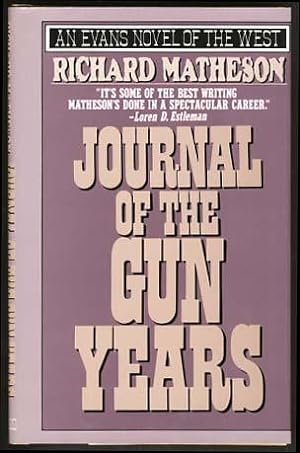 Seller image for Journal of the Gun Years for sale by Parigi Books, Vintage and Rare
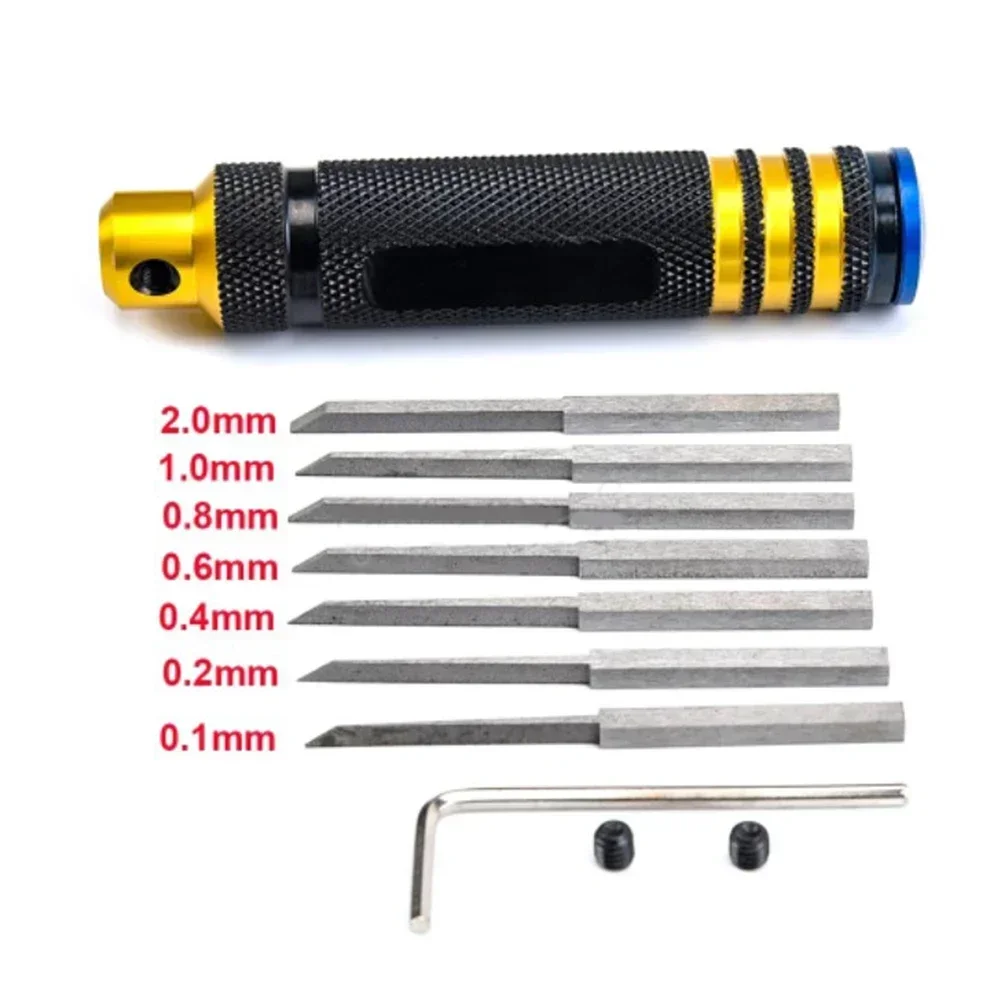 Prime Model Scriber With Blade - Rc Hobby Line 评论和价格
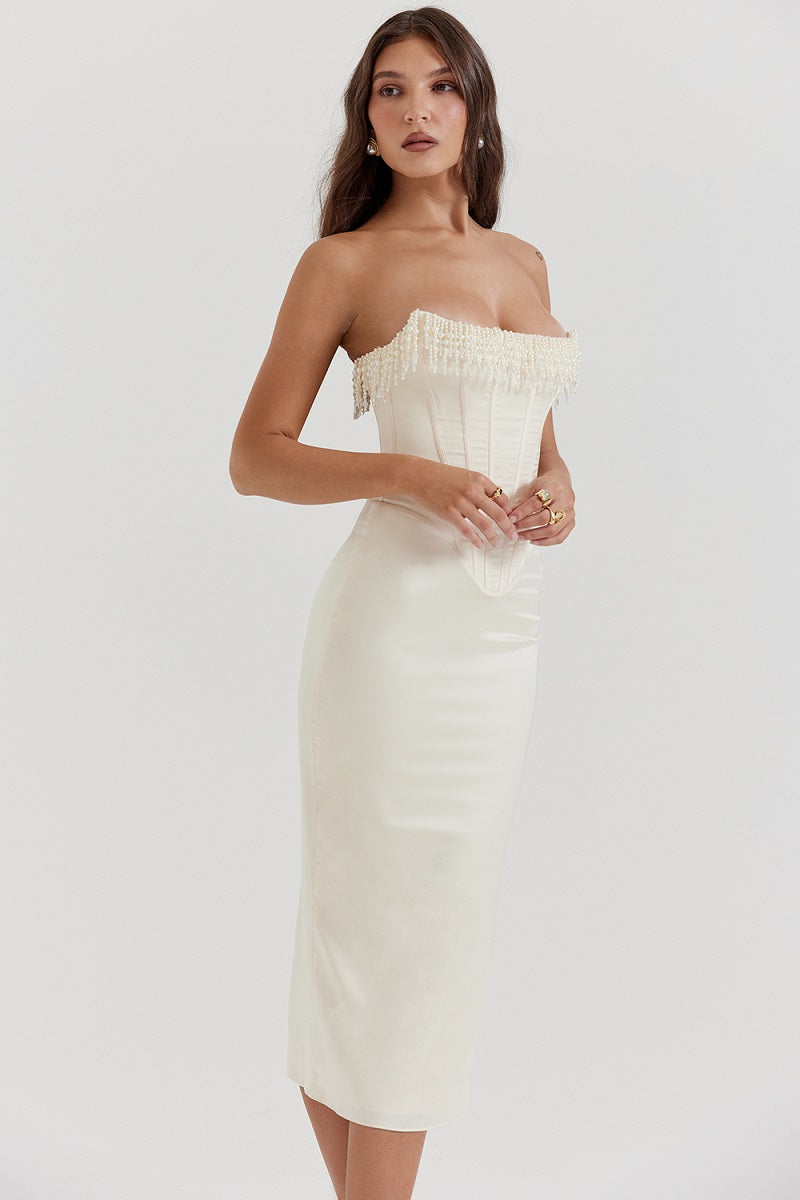 Sem - Elegante korset jurk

+-------+

_WORK ORDER_. Restate the data word for word while omitting each picture.

_ANSWER FOR THIS EXERCISE_.
 Seller image for Journal of the Gun Years for sale by Parigi Books, Vintage and Rare
 Prime Model Scriber With Blade - Rc Hobby Line 评论和价格
 Sem - Elegante korset jurk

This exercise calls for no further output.